Together with other offers, the proposal from the European group will be presented to First Pacific in Hong Kong. An earlier agreement between First Pacific and the Gokongwei group for the latter to acquire the controlling interest in PLDT failed after the Gokongwei group withdrew its offer for failure of First Pacific to deliver some of the conditionalities contained in the memorandum of agreement, such as facilitating the conduct by the group of a due diligence investigation of PLDT.
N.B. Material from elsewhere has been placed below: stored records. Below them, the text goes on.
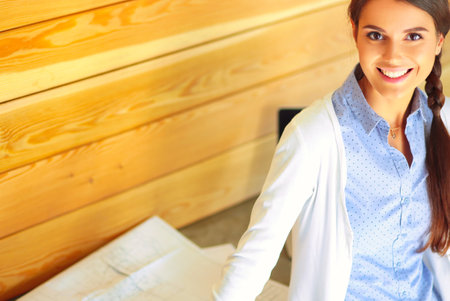 Young female standing near desk at home. The woman at the table. Workplace.の写真素材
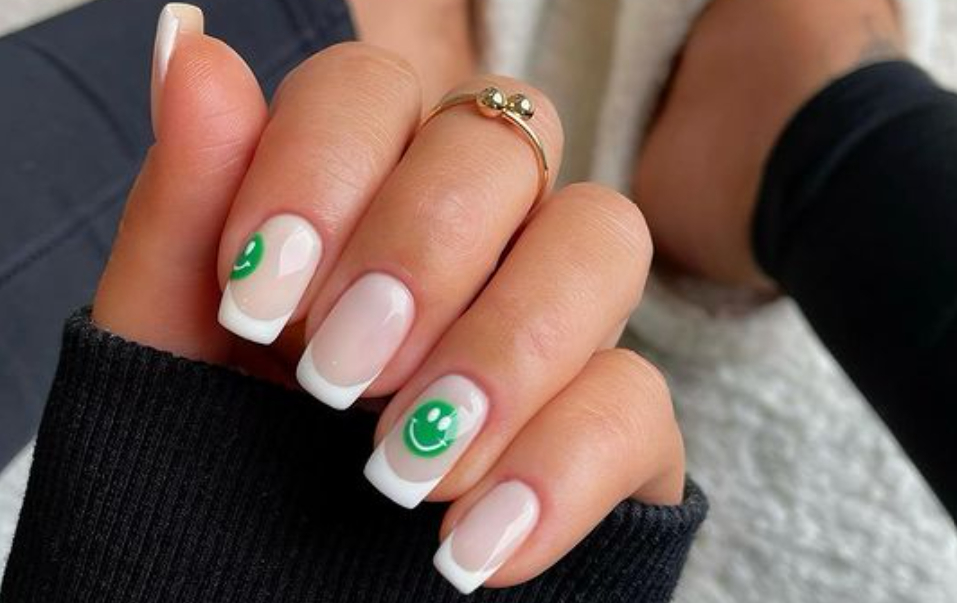 green smiley face nails design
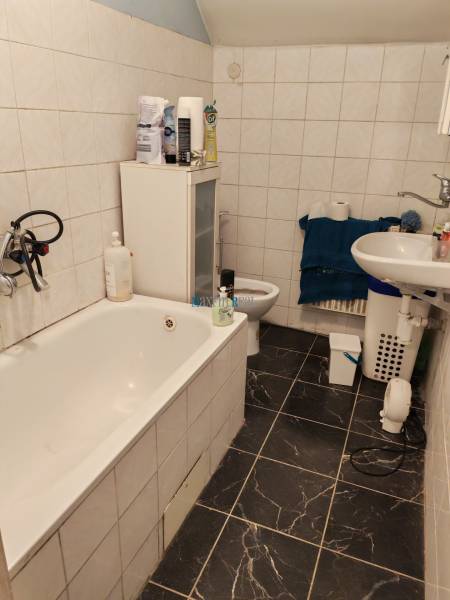 Ein Badezimmer in einem Einfamilienhaus mit einer Badewanne, einem Waschbecken und Fliesen mit dunklem Muster.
"With the termination of the MOA between First Pacific and the Gokongwei Group, there have been a number of groups that wish to make an offer for the stake of First Pacific in PLDT, primarily due to PLDT’s strong financial and operational performance," according to PLDT vice-president and spokesperson Menardo Jimenez Jr.

The STAR
reported yesterday that businessman Antonio O. Cojuangco and Pangilinan, together with a strategic foreign investor, are finalizing an offer to buy out First Pacific’s stake.

"My understanding is that at the appropriate time, Mr. Pangilinan will be presenting these options to First Pacific, though I must make it very clear that Mr. Pangilinan himself is not personally part of the group or groups that intend to make offers," Jimenez said.

However, The STAR learned that while Pangilinan is joining Cojuangco in the offer, he cannot officially do so due to conflict of interest. Aside from heading PLDT, Pangilinan is the executive chairman of First Pacific. "First Pacific may have to ask Pangilinan to resign if he does that because of conflict of interest," a PLDT official said.

Highly-placed sources told The STAR that following the withdrawal by the Gokongwei group of its offer to acquire First Pacific’s interest in PLDT, the top management of the Hong Kong company is now ready to sit down and negotiate with Cojuangco and Pangilinan.

It was learned that the Pangilinan-Cojuangco offer had been brought up to the First Pacific directors earlier, but the latter could not officially acknowledge it due to the exclusivity granted to the Gokongwei group which expired last Sept. 30. "But now that the deal with the Gokongweis has collapsed and there appears no other serious offer, First Pacific will have no choice but to accept the offer of Pangilinan and Cojuangco if it wants to get its money soon," the source said.

First Pacific last June 4 entered into an agreement with the Gokongwei group, represented by John Gokongwei Jr. for the sale of the former’s 24.4 percent controlling interest in PLDT and 50.4 percent share in Bonifacio Land Corp. The agreement called for the creation of a joint venture company to be two-thirds owned by the Gokongwei group and one-third by First Pacific.

In consideration of the two-thirds stake in the joint venture arrangement, the Gokongwei group was going to pay $616.6 million over a three-year period and another $109 million for the Bonifacio Land stake.

However, the MOA contained certain conditionalities such as the conduct by the Gokongwei group of a due diligence investigation of PLDT and Bonifacio Land. The PLDT board and management, led by Pangilinan and Cojuangco, refused to allow the group and First Pacific access to documents and information other than those publicly available, saying that PLDT would be subject to undue disadvantage since the Gokongweis own Digital Telecommunications (Digitel).

Because of the failure of First Pacific to convince PLDT management to cooperate and because it would not agree to buy without first conducting due diligence, the Gokongwei group withdrew its offer.